In 1990 some wealthy homeowner in southeastern Connecticut wanted to put in an underground shooting range on his property. As the excavation began, the astute backhoe operator noticed a series of places where the earth was a darker color for 3-4 feet below the ground. After cutting through several of these, he halted his digging and called the local authorities, which triggered a full-scale archeological investigation in conjunction with the local Mashantucket Pequot nation. It turns out they had very unfortunately been digging through a colonial-era Indian burial ground. Although this unearthing was tragic, it did afford the tribe and archaeologists a rare window into seventeenth century Indian lifeworlds. In one grave of a young Pequot girl they found a little medicine bundle that contained a bear paw and a folded up Bible page, all of which they were able to date somewhere between 1683 and 1720. Bibliographers were actually able to reconstruct the fragment of the Bible page and even trace it back to a particular edition of the Bible that had been printed in London. The passage was from Psalm 98:1-2, and talks about the strong right hand of the Hebrew God and how he shows his righteousness to the heathen.

To me this represents the both/and approach by Natives with regard to European religious and cultural engagement—a syncretic approach to the great questions of life, one that incorporated new religious ideas and possibilities without completely abandoning old ones. But the medicine bundle was also important to me because it represents the limitations historians hit when trying to reconstruct Native lifeworlds. We’re really not sure what exactly the medicine bundle meant to the Pequot girl and her family. I see it as a caution to not read too much into it (particularly in ways that impose western Euroamerican ideas on it) or too little. I had hoped this would set the tone for the way that the reader approaches Native religious change and engagement throughout the book.

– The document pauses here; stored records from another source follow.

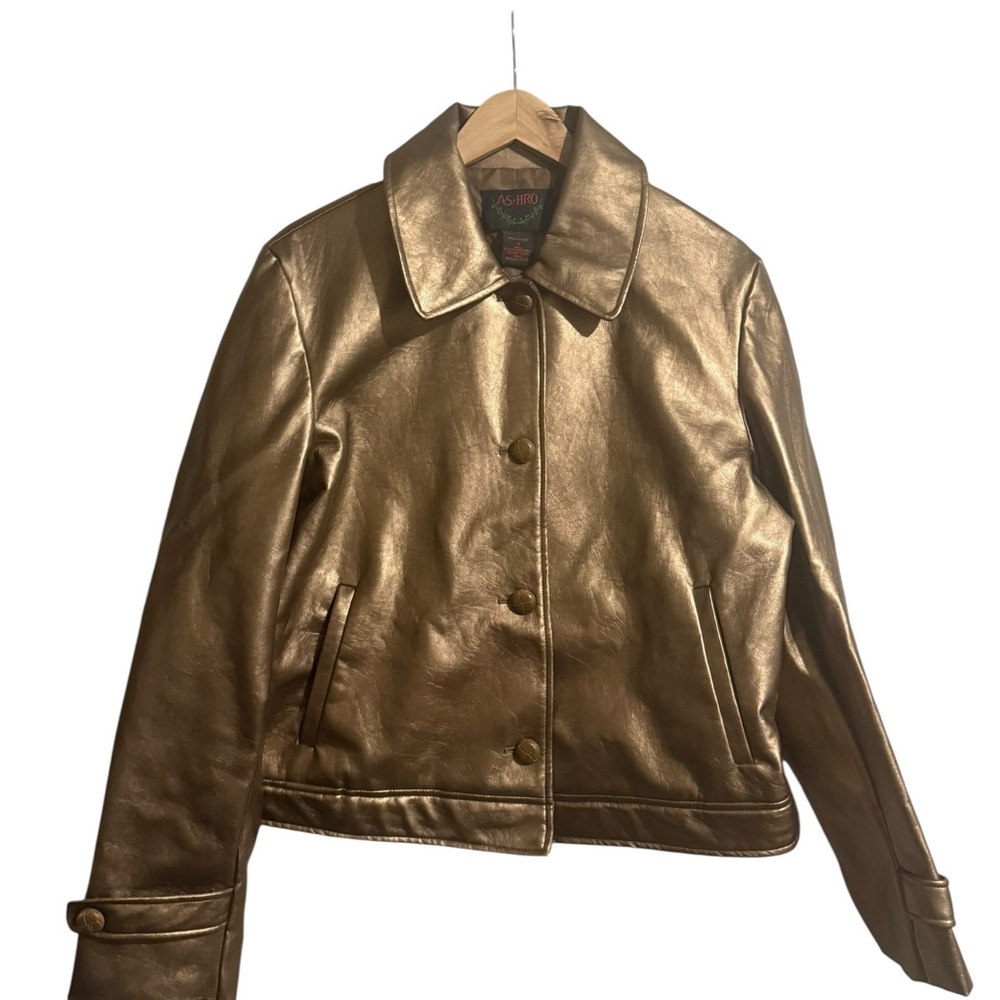 Gold vegan leather button up jacket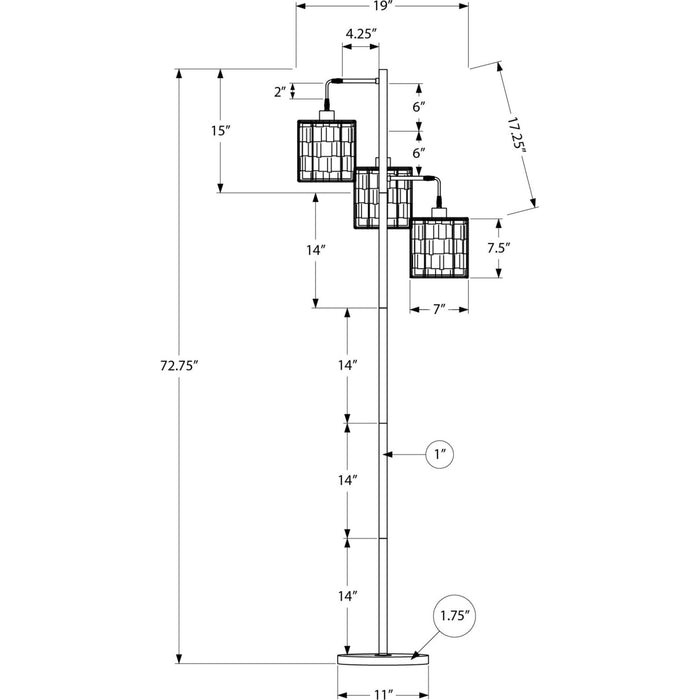 73"H Floor Lamp Metal base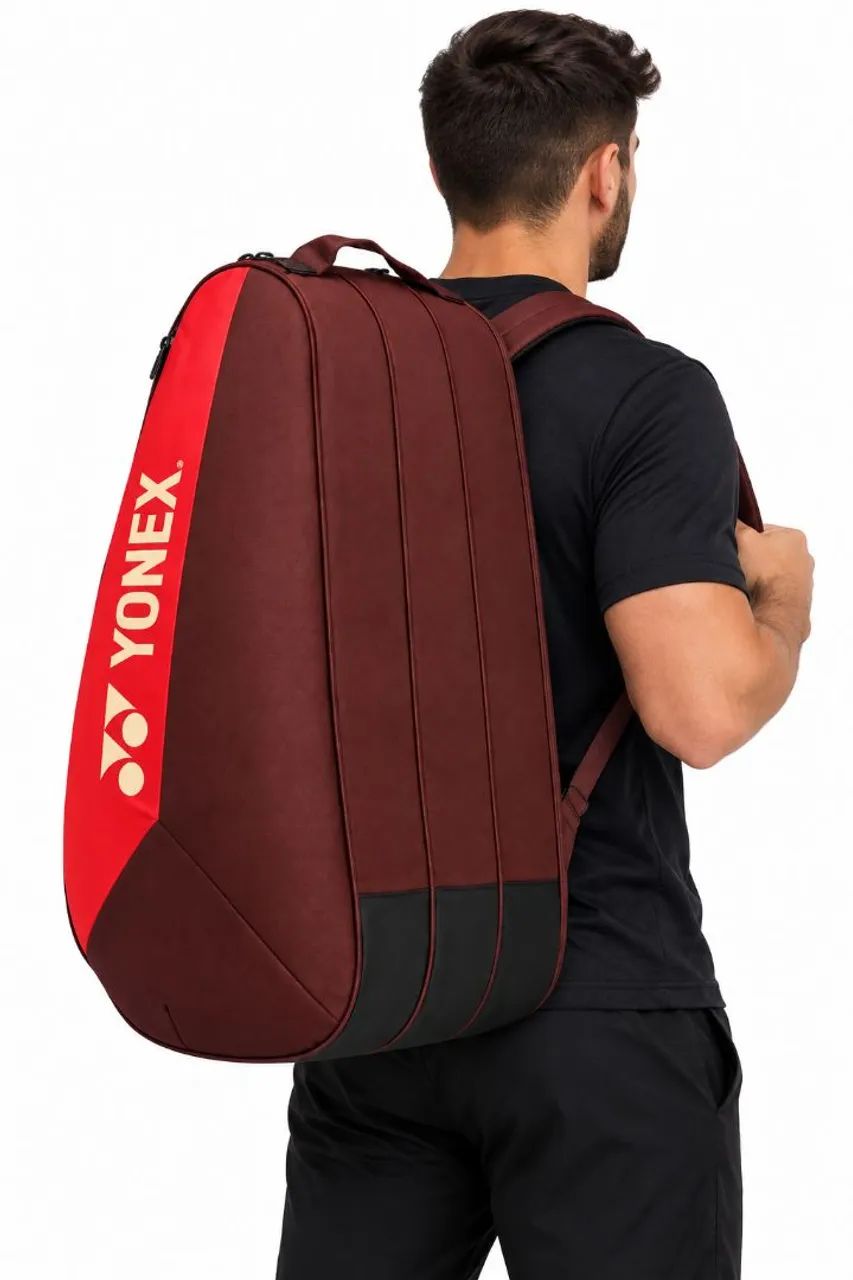 Raqueteira Yonex Team Tripla X9 Ruby para Tênis e Badminton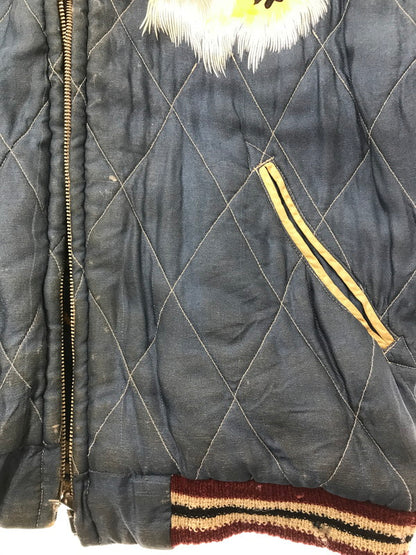 【現状渡し品】【メンズ】 TAILOR TOYO テーラー東洋 REVERSIBLE SOUVENIR JACKET TT10797 リバーシブル スーベニア ジャケット 硫黄島×虎×鷹 別珍 サテン スカジャン アウター 145-260707-na-07-tagh サイズ：中 カラー：ネイビー/ブルー 万代Net店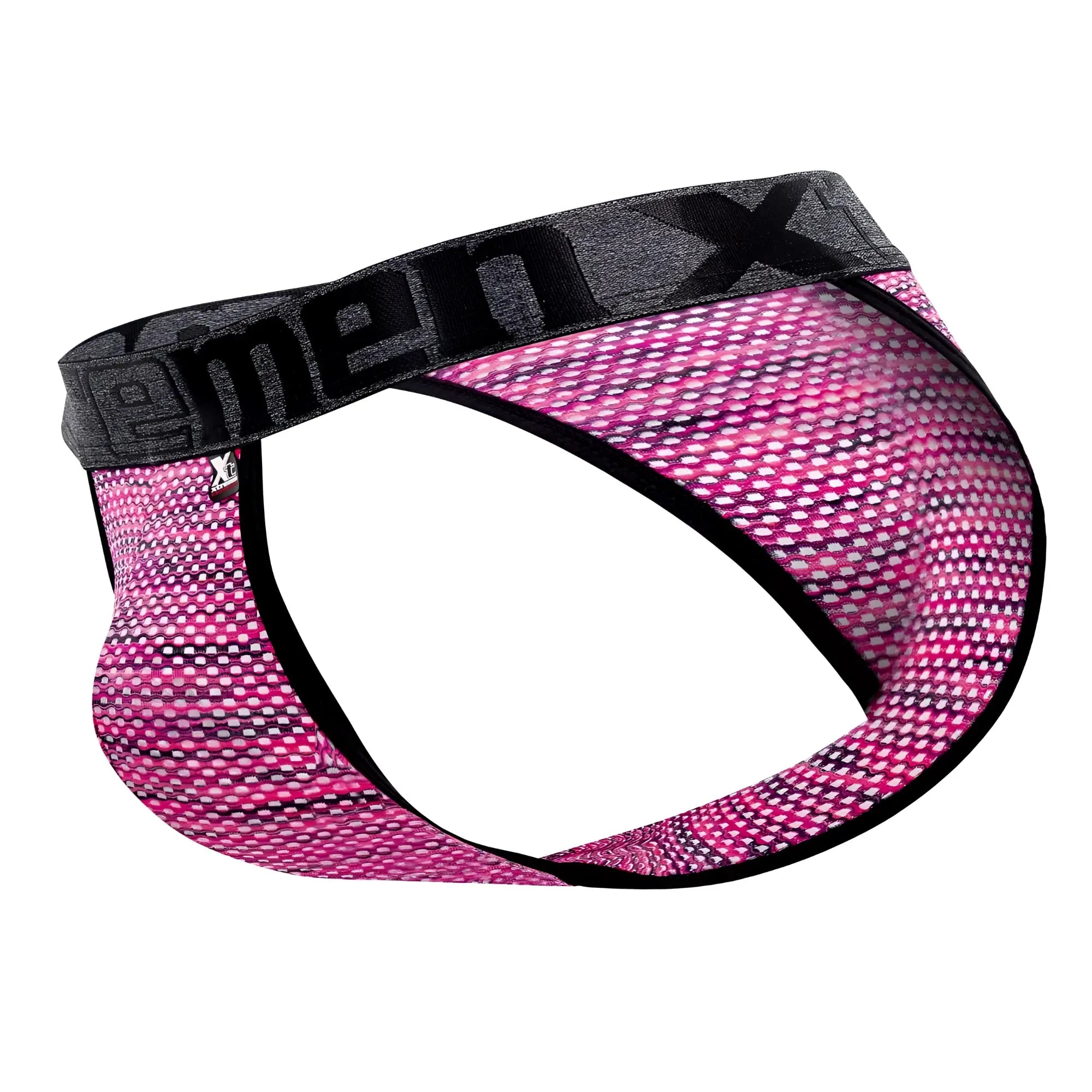 Xtremen 91098x microfiber mesh bikini briefs in pink and black with gray menx logo waistband for men
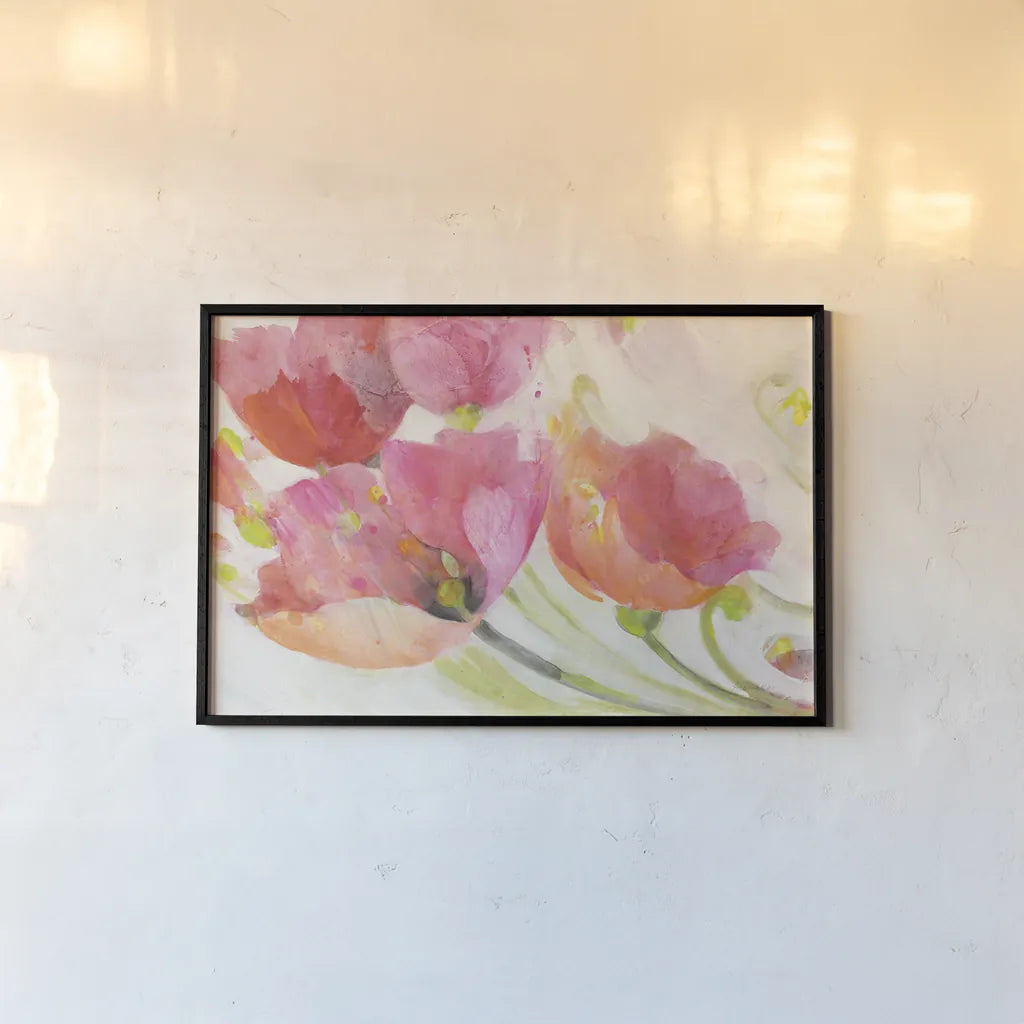 Poppies in the Breeze by Albena Hristova. shown as a paper print in a black flame. Available as a archival giclee rolled canvas, fine art paper, or poster print. SKU 58783i.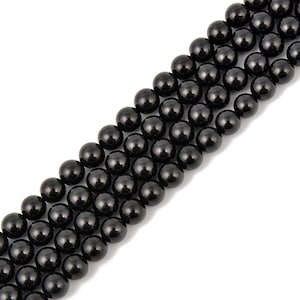 Natural Black Spinel Smooth Round Beads Size 6mm 8mm 10mm 15.5&#39;&#39; Strand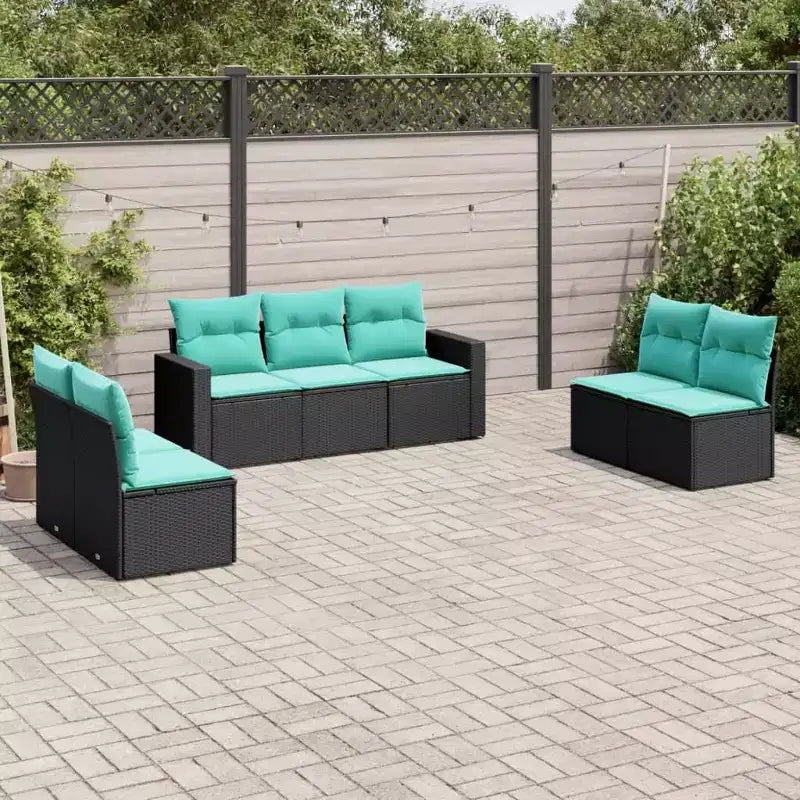 vidaXL Salon de jardin 7 pcs avec coussins résine tressée noir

The wealthy homeowner never got his underground shooting range, by the way.
  
5. You deal a lot with terminology in your book -- you resist terms such as "conversion" and "resistance," historically the dichotomous poles used for this topic. Explain for our readers the terms that made the most sense to you in interpreting your topic.

One of the things that first got me into this topic was the narrative of the sudden and complete conversion of American Indians in the First Great Awakening. This always seemed too simplistic to me. What I found instead was a century-plus long process of religious and cultural experimentation that varied greatly within communities over time. Even individuals changed exhibited different attitudes across months and years as they sampled religious rituals and practices.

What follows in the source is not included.